Short text fragments from websites
--*--

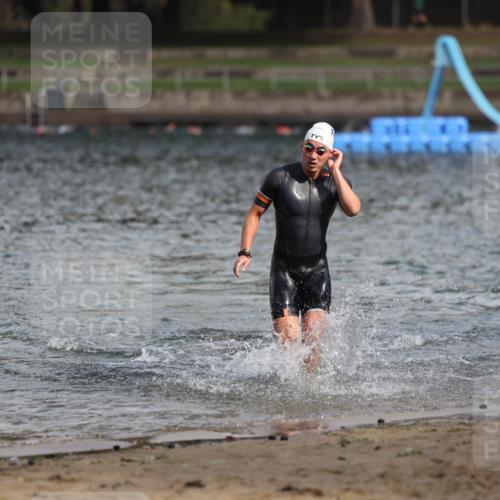 13.09.2026 - Stadtparktriathlon Mo-Foto http://msf.ph/oto/10259424 13.09.2026 11:28:39 Schwimmen 834, 840 meine-sportfotos.de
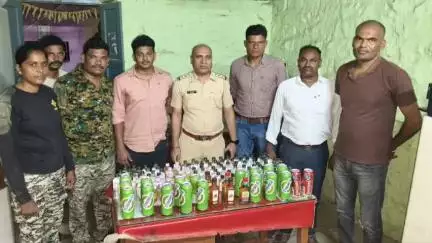 महागाव: तालुक्यातील मुडाणा येथे चार विनापरवाना दारू विक्रेत्यांवर महागाव पोलिसांची कार्यवाही, १० हजार ६०० रुपयांची दारू जप्त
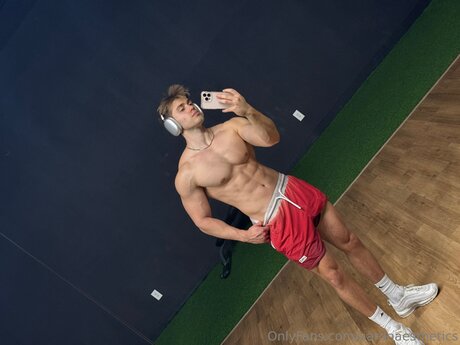 Aaronaesthetics sexy star pics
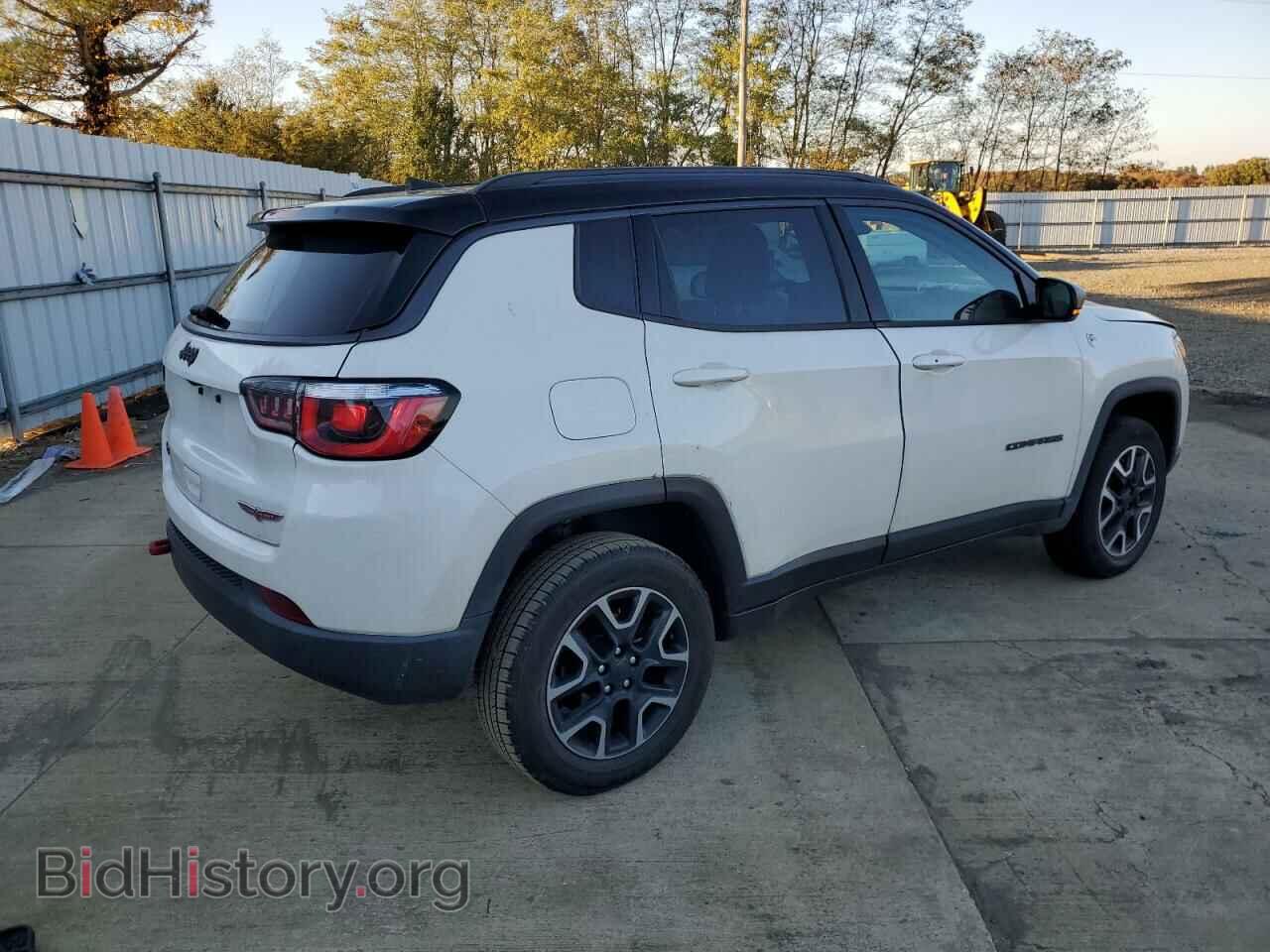 2019 JEEP COMPASS - VIN: 3C4NJDDB9KT733272 - Photo 3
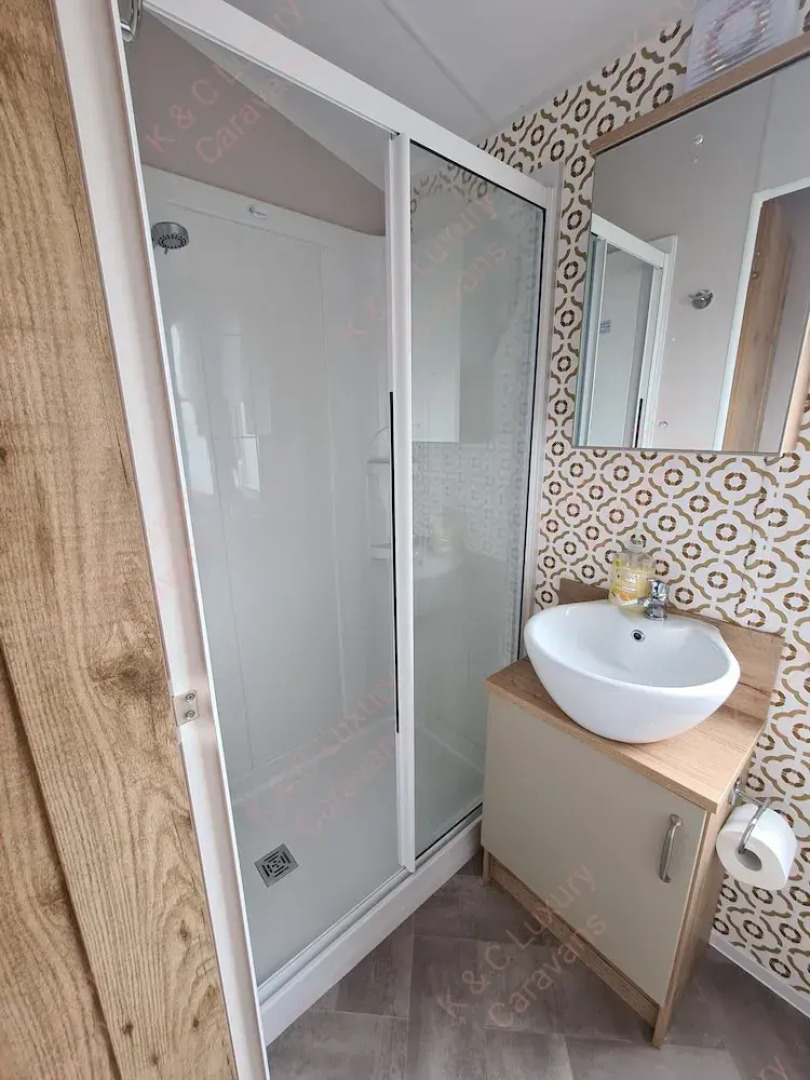 Stunning Platinum Caravan in Rhyl 2 Mins to Beach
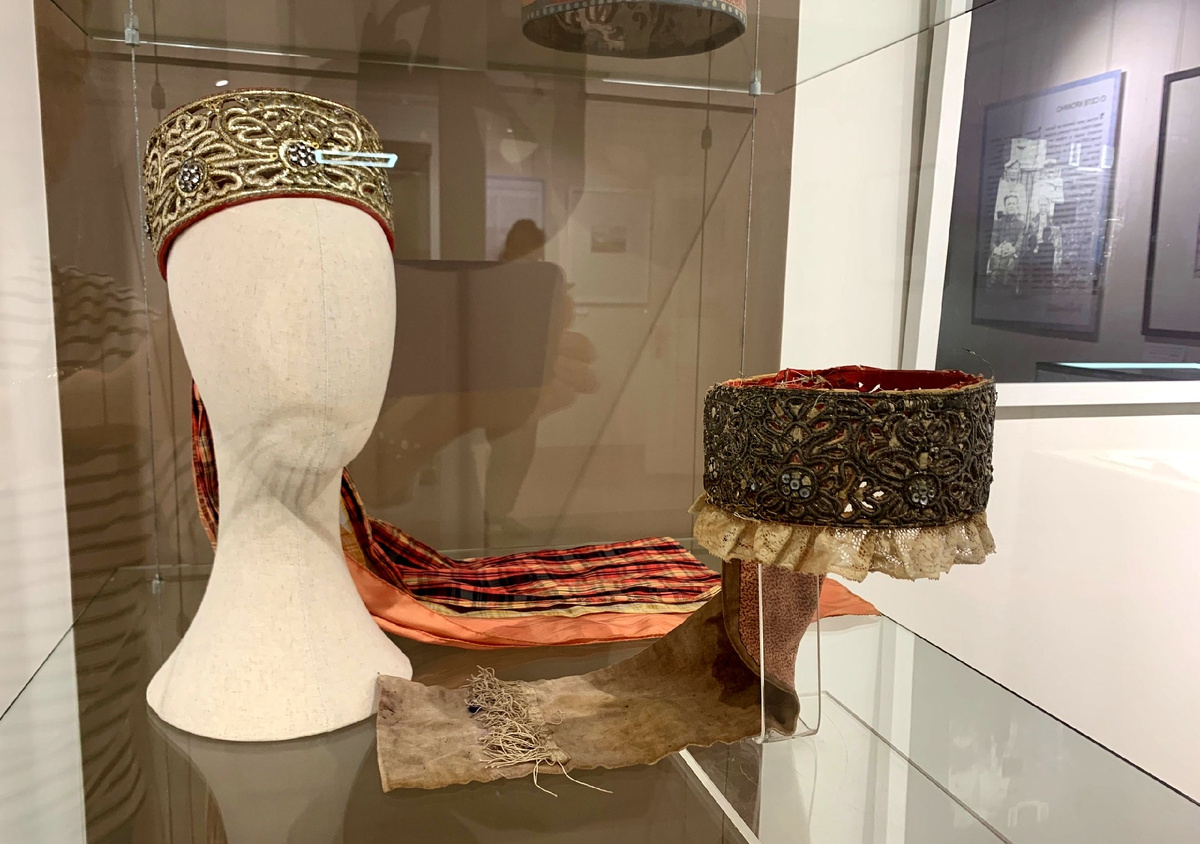 Реплика девичьей повязки, предоставленная Натальей Заруцкой, и подлинная девичья повязка из деревни Артюшино Белозерского округа Вологодсокой области на выставке в Вологде. Фото: Светлана Гришина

--*--

Task requirements — All of the data is to be transcribed exactly, with images omitted.

Expected output —
 13.09.2026 - Stadtparktriathlon Mo-Foto http://msf.ph/oto/10259424 13.09.2026 11:28:39 Schwimmen 834, 840 meine-sportfotos.de
 महागाव: तालुक्यातील मुडाणा येथे चार विनापरवाना दारू विक्रेत्यांवर महागाव पोलिसांची कार्यवाही, १० हजार ६०० रुपयांची दारू जप्त
 Aaronaesthetics sexy star pics
 2019 JEEP COMPASS - VIN: 3C4NJDDB9KT733272 - Photo 3
 Stunning Platinum Caravan in Rhyl 2 Mins to Beach
 Реплика девичьей повязки, предоставленная Натальей Заруцкой, и подлинная девичья повязка из деревни Артюшино Белозерского округа Вологодсокой области на выставке в Вологде. Фото: Светлана Гришина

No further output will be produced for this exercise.